Required action: Please write out word for word the opening lines of the material, including the line with "Lion couché avec" as the last.

---------- Records supplied

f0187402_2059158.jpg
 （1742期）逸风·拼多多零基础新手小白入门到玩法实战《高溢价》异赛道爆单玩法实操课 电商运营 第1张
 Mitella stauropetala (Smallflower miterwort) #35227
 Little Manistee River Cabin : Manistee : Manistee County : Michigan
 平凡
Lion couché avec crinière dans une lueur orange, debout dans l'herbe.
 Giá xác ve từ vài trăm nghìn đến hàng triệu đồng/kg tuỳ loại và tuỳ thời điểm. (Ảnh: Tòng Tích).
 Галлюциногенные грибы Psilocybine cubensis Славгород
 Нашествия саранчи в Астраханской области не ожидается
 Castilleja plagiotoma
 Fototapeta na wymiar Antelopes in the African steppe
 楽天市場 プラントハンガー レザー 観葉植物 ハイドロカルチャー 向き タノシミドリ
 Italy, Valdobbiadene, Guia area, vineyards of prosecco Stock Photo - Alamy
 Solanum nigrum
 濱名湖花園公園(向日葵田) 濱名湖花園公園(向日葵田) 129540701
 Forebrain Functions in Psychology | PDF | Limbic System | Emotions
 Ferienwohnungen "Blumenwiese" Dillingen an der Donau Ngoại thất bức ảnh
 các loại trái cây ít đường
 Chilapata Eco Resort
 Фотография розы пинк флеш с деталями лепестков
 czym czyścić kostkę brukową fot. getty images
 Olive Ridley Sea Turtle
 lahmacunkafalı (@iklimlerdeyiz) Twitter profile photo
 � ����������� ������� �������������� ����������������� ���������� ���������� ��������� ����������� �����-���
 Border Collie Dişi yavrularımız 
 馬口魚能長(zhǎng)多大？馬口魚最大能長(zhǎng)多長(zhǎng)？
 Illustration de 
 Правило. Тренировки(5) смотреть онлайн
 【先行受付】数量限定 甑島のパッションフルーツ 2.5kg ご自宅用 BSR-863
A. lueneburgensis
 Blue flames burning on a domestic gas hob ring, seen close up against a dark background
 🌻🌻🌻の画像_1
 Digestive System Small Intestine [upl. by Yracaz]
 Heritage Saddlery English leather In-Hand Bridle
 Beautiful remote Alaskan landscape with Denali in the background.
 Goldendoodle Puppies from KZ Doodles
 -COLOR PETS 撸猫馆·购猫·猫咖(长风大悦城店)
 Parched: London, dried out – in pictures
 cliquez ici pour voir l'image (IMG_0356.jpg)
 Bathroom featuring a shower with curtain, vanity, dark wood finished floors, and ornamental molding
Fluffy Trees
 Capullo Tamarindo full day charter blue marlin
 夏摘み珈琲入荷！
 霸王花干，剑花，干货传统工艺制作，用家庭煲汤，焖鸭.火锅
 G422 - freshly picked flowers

--------------------

Worked solution:
f0187402_2059158.jpg
 （1742期）逸风·拼多多零基础新手小白入门到玩法实战《高溢价》异赛道爆单玩法实操课 电商运营 第1张
 Mitella stauropetala (Smallflower miterwort) #35227
 Little Manistee River Cabin : Manistee : Manistee County : Michigan
 平凡
Lion couché avec crinière dans une lueur orange, debout dans l'herbe.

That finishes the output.